The team has been working on the project since May 2001, following the contract award in March 2001 by the client Société Nationale Des Chemins de Fer Belges (SNCB), Belgian Rail. The engineer for the project is Tuc-Rail, a subsidiary of SNCB.

The double track, 100m2 cross sectional area single tube tunnel, that heads out of Liège towards Germany, consists of 5,940m tunnel through rock, with a short cut and cover section at each end. The cut and cover section is 177m long on the Liège side and 413m on the German side.

The tunnel has a maximum overburden of 130m.

From east to west, the tunnel passes through 3,300m of Westphalian schist, then a 50m intersection with the Magnée Fault is followed by 650m of Viséan limestone, with a final 1,900m section running through Namurian limestone.

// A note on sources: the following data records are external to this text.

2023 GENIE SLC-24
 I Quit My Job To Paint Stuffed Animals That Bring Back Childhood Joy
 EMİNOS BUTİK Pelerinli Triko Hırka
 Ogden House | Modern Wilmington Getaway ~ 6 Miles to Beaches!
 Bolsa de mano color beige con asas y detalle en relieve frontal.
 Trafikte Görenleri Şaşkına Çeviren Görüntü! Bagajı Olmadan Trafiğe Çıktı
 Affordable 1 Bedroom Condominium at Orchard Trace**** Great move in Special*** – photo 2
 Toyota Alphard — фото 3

The project has a budget of US$203M and will enable high-speed trains to travel at speeds of up to 200km/hr along the eastern branch of Belgium's rail network.

The tunnel was driven by drill and blast concurrently from four faces to speed up the project schedule. The headings were progressed from each end, and also in opposite directions from the 30m deep, 30m diameter shaft, sunk at the tunnel's midpoint. Each face was worked on three shifts around the clock, with an average advance of 20m per face per week.

Civil works are planned to be completed by the autumn of 2005 with commercial use planned for 2007.